✔ This article was written by a licensed veterinarian.
As a veterinarian, I’ve often heard from pet parents that their cat is starting to get a bit large. But, a question that comes in more than people realize, is: “Why is my cat so skinny?”
We’ve recently read over a topic where someone stated: “My cat is so skinny I can feel her bones.” I’ve seen many skinny cats before, and I can feel the stress of the owners who wrote about their experiences.
There are plenty of potential causes of weight loss in cats. The causes can range from old age, owner neglect, stress, internal parasites, feline cancer, or other internal diseases and health issues.
Your cat’s weight will drastically change as it grows from a young kitten to an adult cat. Much like humans, a cat’s adult weight will not remain the same throughout its life. It can go up or down depending on certain factors, such as lifestyle, age, diet, and gender.
Weight loss can occur even when your cat has a normal appetite and no health concerns. Unfortunately, that isn’t as common for your mother-in-law who just can’t shed the winter weight.
If your cat has lost weight and you start feeling its bones, it is clear that something is wrong. Take your cat to the vet because it may have some health problems that can require immediate attention.
We cover the following items in this post:
- How Skinny is Too Skinny With Cats?
- The Top 18 Reasons Why Cats Lose Weight
- Restoration To A Healthy Size: How Can I Help My Cat Gain Weight?
So, How Skinny is Too Skinny With Cats?
Determining if your cat is too skinny or not can be a real challenge. So what do you have to do?
There are two primary tools you can use when you want to determine if your little feline has the right weight:
- The Body Condition Score
- The Hand Test
The Body Condition Score
The body condition score is used to assess a cat’s weight and is similar to the body mass index for humans.
It contains two separate scales:
- One contains scores from 1-9
- One contains scores from 1-5
For simplicity purposes, we will use the 1-9 scale for this overview.
- A score of 1: The ribs are visible and obvious, there is no palpable fat on the body, the abdomen is tucked severely, and the pelvic bones and lumbar vertebrae are pronounced and noticeable. The cat is dangerously skinny.
- A score of 9: The ribs are not visible and obvious, there is palpable fat on the body, especially on the abdomen, lumbar area, and face. The abdomen has no waist. The cat is very overweight.
The ideal weight of a cat is between scores 4 and 5. Cats below these numbers are considered skinny, and cats above these numbers are considered overweight or even obese.
The Hand Test
If it is difficult to determine the body condition score for your cat, then you can try the hand test. Take your hand as a reference and feel your cat’s ribs, behind the hind legs.
- Your cat has the right weight if its ribs feel like the back of your hand.
- Your cat is too skinny if its ribs feel like your knuckles.
- Your cat is too fat if you cannot feel its ribs at all. I.e., it feels like your palm.
Remember that these tests can be used as a best guess by a cat owner, but the only way to determine a true diagnosis regarding your cat’s weight and health is to visit your veterinarian.
Why Is My Cat So Skinny?
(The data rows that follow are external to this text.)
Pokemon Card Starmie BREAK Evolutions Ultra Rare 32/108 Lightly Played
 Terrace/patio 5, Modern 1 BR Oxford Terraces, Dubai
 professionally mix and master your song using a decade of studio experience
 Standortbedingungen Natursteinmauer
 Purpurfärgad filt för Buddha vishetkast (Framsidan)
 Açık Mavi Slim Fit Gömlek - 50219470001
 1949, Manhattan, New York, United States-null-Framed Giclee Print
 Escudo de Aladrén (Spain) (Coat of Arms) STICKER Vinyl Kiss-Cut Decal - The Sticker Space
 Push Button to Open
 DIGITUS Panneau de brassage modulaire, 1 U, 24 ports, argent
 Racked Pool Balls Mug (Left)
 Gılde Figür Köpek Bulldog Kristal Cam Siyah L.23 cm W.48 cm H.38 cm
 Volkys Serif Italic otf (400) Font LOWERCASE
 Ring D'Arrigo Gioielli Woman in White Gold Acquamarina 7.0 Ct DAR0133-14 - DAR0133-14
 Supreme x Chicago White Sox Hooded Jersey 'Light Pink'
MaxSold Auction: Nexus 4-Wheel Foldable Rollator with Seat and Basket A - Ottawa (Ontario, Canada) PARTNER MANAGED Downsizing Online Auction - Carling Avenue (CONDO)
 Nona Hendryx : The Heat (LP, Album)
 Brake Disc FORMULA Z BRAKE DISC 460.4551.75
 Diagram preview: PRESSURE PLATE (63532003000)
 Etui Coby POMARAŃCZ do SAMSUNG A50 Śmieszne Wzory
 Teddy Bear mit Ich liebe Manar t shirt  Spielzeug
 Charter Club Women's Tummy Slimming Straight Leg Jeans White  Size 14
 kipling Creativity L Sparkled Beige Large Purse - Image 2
The Top 18 Reasons Why
It can be difficult to notice that your cat is losing weight if:
- The weight loss is gradual
- Your cat has lots of hair or long hair
- You have an outdoor cat that you don’t spend as much time around
- Your cat was so overweight that small changes in weight don’t stand out
In many cases, cats lose weight when they don’t eat enough. However, some diseases can cause weight loss, despite adequate food intake. Depending on the cause, it may or may not be accompanied by other signs of illness.
Here are the top 18 reasons which may explain why your cat is so skinny:
1. Their Age
Excessive weight loss in older cats is usually associated with certain diseases such as kidney or thyroid disease.
Other cats, due to their advanced age, may have musculoskeletal problems and may find it difficult to bend to the food bowl because of the pain.
Some cats may experience dental problems such as periodontitis and tooth loss, which can stop them from eating solid food due to the potential for pain while eating.
2. Intestinal Parasitic Infection (Internal Parasites)
Infestations with intestinal parasites most often occur in kittens, which are in the greatest danger. Kittens can die from intestinal worms if not treated in time.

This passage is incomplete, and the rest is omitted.